Dr. Z tended to be medical-model-oriented and
commonsensical. He was less interested in theoretical discussions of
personality or pathology, and never got caught up in fads. His notes were
complete, with a finely aristocratic handwriting style. One got the impression
that he could have chosen various fields—public administration or service,
medicine, engineering, government or military—and displayed equal finesse. That
easy grasp of medical and biological concepts worked well in situations where
patients had multiple physical problems, since he could address all the
interacting systems, not just psychiatric, and do so reliably and consistently.

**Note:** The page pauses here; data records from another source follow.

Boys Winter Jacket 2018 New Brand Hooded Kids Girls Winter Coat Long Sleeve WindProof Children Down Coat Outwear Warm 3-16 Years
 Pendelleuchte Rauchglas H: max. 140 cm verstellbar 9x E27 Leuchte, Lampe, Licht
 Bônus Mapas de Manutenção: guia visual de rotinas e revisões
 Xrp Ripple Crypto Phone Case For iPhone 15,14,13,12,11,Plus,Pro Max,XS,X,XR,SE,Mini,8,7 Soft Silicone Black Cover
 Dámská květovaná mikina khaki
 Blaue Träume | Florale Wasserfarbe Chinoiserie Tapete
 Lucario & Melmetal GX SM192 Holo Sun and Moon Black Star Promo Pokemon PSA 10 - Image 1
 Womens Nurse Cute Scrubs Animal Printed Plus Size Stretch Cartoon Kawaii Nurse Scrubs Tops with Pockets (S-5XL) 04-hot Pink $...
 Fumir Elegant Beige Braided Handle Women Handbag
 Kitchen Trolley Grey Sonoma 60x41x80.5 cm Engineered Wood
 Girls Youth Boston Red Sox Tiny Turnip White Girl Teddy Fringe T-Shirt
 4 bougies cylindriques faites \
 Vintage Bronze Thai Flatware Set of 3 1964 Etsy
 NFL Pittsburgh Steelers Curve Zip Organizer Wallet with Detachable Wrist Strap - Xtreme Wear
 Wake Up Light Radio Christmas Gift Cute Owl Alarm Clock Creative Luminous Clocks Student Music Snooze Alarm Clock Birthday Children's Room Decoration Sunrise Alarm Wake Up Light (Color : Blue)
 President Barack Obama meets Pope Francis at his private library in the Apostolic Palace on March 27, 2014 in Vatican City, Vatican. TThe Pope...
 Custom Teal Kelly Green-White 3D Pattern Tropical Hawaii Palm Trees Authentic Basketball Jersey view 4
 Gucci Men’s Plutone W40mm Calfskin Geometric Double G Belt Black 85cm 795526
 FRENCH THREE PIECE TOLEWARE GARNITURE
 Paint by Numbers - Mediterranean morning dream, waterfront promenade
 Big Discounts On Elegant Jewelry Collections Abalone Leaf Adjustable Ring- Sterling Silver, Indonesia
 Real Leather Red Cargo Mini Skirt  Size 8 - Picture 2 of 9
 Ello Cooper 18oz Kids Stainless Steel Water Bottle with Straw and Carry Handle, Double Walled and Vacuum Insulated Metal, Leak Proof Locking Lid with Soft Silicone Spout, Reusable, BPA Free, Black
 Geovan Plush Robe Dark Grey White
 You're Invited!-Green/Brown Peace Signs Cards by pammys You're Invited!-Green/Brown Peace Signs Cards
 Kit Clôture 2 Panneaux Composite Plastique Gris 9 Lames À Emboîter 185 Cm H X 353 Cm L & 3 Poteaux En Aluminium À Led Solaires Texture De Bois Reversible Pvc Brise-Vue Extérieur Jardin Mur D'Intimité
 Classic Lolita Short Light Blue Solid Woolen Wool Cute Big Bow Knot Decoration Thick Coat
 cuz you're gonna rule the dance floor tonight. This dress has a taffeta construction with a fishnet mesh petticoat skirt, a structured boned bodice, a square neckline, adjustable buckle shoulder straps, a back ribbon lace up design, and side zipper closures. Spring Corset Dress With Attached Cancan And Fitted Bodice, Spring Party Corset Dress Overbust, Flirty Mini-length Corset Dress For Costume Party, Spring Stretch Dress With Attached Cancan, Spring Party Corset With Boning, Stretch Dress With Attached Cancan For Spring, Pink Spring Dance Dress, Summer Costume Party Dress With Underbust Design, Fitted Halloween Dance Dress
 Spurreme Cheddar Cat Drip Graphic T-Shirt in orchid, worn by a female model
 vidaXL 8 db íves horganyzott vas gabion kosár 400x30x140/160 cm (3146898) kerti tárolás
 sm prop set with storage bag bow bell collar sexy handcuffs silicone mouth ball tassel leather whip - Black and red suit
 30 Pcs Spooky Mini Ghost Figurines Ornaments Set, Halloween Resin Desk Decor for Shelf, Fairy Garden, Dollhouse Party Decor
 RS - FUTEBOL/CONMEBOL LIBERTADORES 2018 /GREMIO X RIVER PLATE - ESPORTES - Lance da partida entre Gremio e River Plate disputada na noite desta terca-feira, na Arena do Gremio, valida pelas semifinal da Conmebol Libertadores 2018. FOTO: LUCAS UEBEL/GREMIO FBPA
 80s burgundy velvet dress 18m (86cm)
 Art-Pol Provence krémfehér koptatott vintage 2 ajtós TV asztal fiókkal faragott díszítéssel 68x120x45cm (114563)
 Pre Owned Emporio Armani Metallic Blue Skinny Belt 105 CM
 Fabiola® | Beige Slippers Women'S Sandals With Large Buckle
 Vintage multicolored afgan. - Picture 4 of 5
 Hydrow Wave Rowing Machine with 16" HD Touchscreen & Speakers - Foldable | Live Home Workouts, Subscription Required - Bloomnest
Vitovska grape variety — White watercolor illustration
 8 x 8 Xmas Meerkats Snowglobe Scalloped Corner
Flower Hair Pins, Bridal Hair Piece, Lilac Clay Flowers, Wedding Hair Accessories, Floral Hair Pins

At a personal level, Dr. Z was simply a very nice person.
There was no need for him to help a fledgling psychologist or provide the
ongoing personal and professional help he did, nor any particular advantage he
derived from having me in his office. He seemed to operate more out of a sense
of commitment and goodwill than self-interest, and, by and by, it was a stroke
of luck to have known him. Time, like
those box like machines used by prospectors, does have the effect of clarifying
the past, sifting through memories for the best parts.